Oral had to contend with the drug’s tendency to form itself into tiny spheres—a shape that causes gaps and pores that weaken structural integrity of the polymer. She found a way to tease the antibiotic molecules into thin, elongated clusters, which allow drug and polymer to connect more seamlessly. Antibiotics are also sensitive to heat and can degrade, so she developed a methodology that limits the drug’s exposure to high heat while turning the polymer into a solid.

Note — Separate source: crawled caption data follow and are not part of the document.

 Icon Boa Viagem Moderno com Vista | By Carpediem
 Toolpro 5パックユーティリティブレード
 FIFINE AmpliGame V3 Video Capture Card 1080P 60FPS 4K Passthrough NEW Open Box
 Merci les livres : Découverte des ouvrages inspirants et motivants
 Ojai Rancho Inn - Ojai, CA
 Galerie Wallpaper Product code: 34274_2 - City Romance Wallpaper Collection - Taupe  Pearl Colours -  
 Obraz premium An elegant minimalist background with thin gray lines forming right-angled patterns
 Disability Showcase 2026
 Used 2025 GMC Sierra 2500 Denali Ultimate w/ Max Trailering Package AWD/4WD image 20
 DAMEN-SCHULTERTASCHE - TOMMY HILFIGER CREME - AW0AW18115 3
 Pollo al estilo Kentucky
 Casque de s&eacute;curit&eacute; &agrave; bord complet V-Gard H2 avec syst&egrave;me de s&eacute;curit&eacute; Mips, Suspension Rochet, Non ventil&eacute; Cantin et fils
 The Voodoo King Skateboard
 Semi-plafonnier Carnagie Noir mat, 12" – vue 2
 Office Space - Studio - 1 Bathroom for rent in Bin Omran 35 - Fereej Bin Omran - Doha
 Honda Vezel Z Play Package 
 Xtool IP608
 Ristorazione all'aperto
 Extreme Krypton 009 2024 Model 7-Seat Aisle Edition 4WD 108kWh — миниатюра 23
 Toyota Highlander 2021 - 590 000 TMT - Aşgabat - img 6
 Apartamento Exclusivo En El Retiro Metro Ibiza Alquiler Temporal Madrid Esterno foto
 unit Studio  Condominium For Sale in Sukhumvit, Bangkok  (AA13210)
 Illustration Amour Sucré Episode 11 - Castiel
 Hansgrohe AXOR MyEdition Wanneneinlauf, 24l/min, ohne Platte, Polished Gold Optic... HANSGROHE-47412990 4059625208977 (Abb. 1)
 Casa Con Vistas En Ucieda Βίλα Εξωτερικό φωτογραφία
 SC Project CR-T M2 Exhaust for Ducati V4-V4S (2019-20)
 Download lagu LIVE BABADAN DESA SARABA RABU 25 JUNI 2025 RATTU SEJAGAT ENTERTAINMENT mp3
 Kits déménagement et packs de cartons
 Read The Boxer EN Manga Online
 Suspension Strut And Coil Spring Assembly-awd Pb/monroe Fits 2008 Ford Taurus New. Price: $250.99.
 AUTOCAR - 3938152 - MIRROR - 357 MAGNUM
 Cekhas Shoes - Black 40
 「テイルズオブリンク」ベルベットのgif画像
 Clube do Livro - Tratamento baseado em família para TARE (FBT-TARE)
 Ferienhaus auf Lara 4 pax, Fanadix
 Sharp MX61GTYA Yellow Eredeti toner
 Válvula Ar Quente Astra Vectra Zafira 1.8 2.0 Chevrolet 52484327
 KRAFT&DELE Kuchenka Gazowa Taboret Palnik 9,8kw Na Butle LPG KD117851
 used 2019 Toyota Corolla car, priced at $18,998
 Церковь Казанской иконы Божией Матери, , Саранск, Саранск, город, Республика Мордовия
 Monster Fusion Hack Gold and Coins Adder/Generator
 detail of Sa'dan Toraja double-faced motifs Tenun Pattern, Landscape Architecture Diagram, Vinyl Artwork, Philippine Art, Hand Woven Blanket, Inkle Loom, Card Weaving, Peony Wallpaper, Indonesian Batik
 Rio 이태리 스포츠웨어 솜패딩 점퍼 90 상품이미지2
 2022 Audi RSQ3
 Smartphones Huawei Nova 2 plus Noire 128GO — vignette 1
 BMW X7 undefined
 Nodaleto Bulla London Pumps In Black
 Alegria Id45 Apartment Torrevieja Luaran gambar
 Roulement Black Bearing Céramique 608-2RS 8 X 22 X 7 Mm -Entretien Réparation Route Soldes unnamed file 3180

So far, the material has been tested on rats and rabbits, and Oral and Muratoglu will soon seek approval from the Food and Drug Administration for its use in permanent prosthetics in humans. They are also looking at other places it might be useful—such as in trauma surgery, where it could stabilize broken bones and decrease the high risk of infection. Oral’s joint has also attracted the attention of the Department of Defense, which will be awarding MGH a $2 million grant for Oral to study how another medication—nonopioid pain relievers—can be incorporated into polyethylene joints and trauma devices.
“Joint replacement surgery is very painful,” says Oral. “If we can deliver analgesics into the joint space via the implant for a couple of weeks after surgery, we may be able to minimize the need to give the patient follow-up narcotics. Fewer prescriptions would mean we’re not fueling the opioid epidemic.”
In the meantime, Muratoglu hopes that this third generation of prosthetic materials from the lab can head off the worst complications of an already painful procedure. “These antibiotic-eluting joints will make a huge difference—a life-or-death difference—to some patients,” he says.